*PROBLEM TO SOLVE:* Starting at the line that contains "Anta KAI 2 Cushioning", write out every line through the last one in the records below, word for word. Leave out any pictures.

*DATA FOR THIS EXERCISE:*
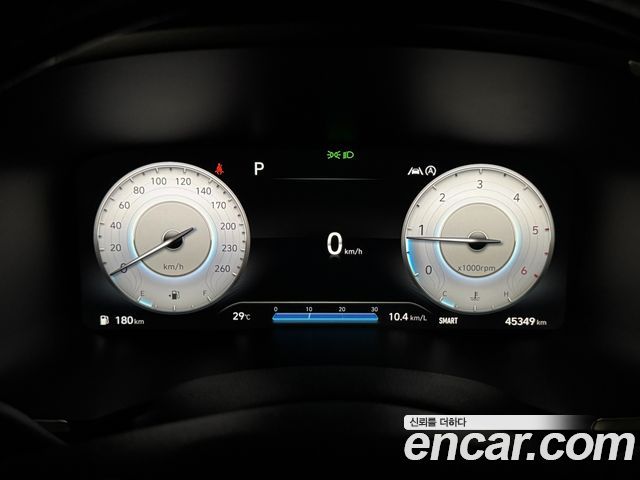 Hyundai Santa Fe Diesel 2.2 2WD Prestige 2021 — фото 9
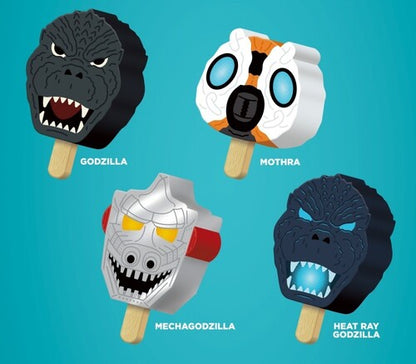 [Arriving Soon] Frozen Culture: Godzilla - Limited Edition Vinyl Figure - Individual Blind Bag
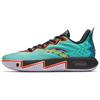 Anta KAI 2 Cushioning Slip Resistant Abrasion Resistant Rebound Low top Basketball Shoes Men's Green Black Blue (Unisex) Basketball Shoes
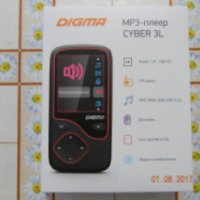 MP3-плеер Digma Cyber 3L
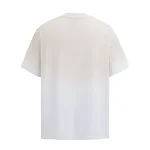 Tie-dye Gradient Short-sleeved T-shirt with American Letters. Comfortable and stylish, perfect for a casual summer look. — photo 2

*RESULT:*
 Anta KAI 2 Cushioning Slip Resistant Abrasion Resistant Rebound Low top Basketball Shoes Men's Green Black Blue (Unisex) Basketball Shoes
 MP3-плеер Digma Cyber 3L
 Tie-dye Gradient Short-sleeved T-shirt with American Letters. Comfortable and stylish, perfect for a casual summer look. — photo 2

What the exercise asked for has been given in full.